If you're a stay-at-home mum, or have been in the past, chances are you've been on the receiving end of the question "But what do you do all day?"
The assumption being, of course, that if you're a stay-at-home mum, your days are all long coffee dates, Netflix, and reading the latest Liane Moriarty bestseller while your kids play quietly with their toys.
The problem is that the prevailing view that stay-at-home mums (SAHMs) sit around drinking tea means that in 2017, women still feel the need to justify their lives - to outline, minute by minute, precisely what a day at home with the kids entails. In short, to defend themselves.
The question is - why should they have to?
Earlier this year Katy Jackman penned an article for Scary Mommy entitled: "I'm here to tell you what SAHMs do all day so you can stop asking now." In it, Ms Jackman shares an account of child-wrangling many of us can probably relate to - the battles, the boredom (yes - even though you're busy you can still be bored), the laundry and everything in between.
The goal? To shoo away nosy parkers in the hope that they'll stop asking.
10am: Play with the lil' guy. Attempt to fold laundry while lil' guy throws clean clothes around the room. Reheat coffee. Get smacked in face with Pop-Tart box.
10:05am: Tell him, "No Pop-Tarts."
10:06am: Give in and give screaming kid Pop-Tart.
10:07am: Watch kid take one bite of Pop-Tart and give the rest to the dog. Die a little inside.
And that's just seven minutes. The rest of Ms Jackman's day is, as she calls it, a sh**show, that delicate balance of meeting little people's needs, household tasks, and holding onto as many of your marbles as you can all the while.
While I understand Ms Jackman's need to write the piece, and for others to share similar accounts, I can't help but wonder - why is it anyone else's business what SAHMs do all day? Why on earth should anyone feel they need to justify how they spend their time?
The reality is, asking "What do you do all day?" or the like is quite often a judgement, disguised as a question. And it's a pretty rude one at that.
Aussie mama of twins Amanda Strode was left in a similar position to Ms Jackman recently, feeling as though she needed to justify what she does as a pregnant SAHM to her boys.
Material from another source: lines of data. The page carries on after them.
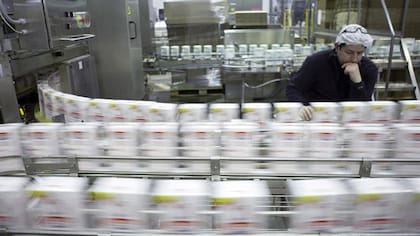 Mega fusión: Arcor y Danone avanzan con un plan para quedarse con La Serenísima y unificar su negocio lácteo 7 El objetivo de Arcor y Danone es unificar todos sus negocios lácteos en una única compañía que sería la dueña exclusiva de la marca La Serenísima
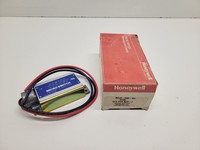 Nouveau et original NEW OLD SWITCH BZLN200RH en stock dans l'entrepôt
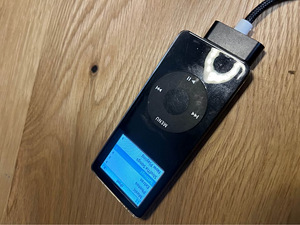 iPOD Nano 1st gen 2GB (2 foto / 3)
In a passionate post to her Instagram page, the super-fit mum, who is currently 29 weeks pregnant, shared that a comment left on one of her photos "cut [her] pretty deep".
"I wish I got to stay at home all day and exercise with my child," the commenter wrote. "Instead I have to go to work and do WORK."
For Ms Strode, enough was enough.
"Work?! You think I don't WORK?!" she wrote. "You think 2 x 22 month old toddlers just let me kick my feet up all day after I've done my morning workout? You think I'm beaming with energy as I grow a new baby and frantically do my best to keep up with twin boys that run rings around me?!"
Just like Ms Jackman, fed-up with the misunderstanding of what SAHMs do, the soon-to-be mother-of-three shared the ins and outs of her day - adding that the aforementioned exercise consisted of approximately 30 minutes of it.
"My days are spent changing shitty nappies, dealing with tantrums, playing cars and trucks, making food that gets thrown on the floor before it's even tasted, walking the streets trying to get tired, grumpy children to nap, attempting to teach two little humans to SHARE instead of bite, pull hair, scratch or push each other, pushing swings, climbing up and down bloody forts that shouldn't even be in kids playgrounds because they are so damn unsafe, singing the alphabet, going for adventures to keep the bubs happy, vacuuming 3 times a day because of all that food that I worked so hard to cook wasn't even considered eating ..."
It's exhausting reading in and of itself - and that's just a snapshot.
As Ms Strode outlines, words hurt. The language we use matters. Those questions SAHMs often hear - "But don't you get bored?" - and those off-handed statements - "Oh, staying at home would drive me crazy" - do hurt.
Quite simply Ms Strode and Ms Jackman shouldn't be placed in a position where they feel the need to justify their time - or their choices. It's no one's business but theirs.
Because when it comes down to it, we're all just doing our best to keep the show rolling.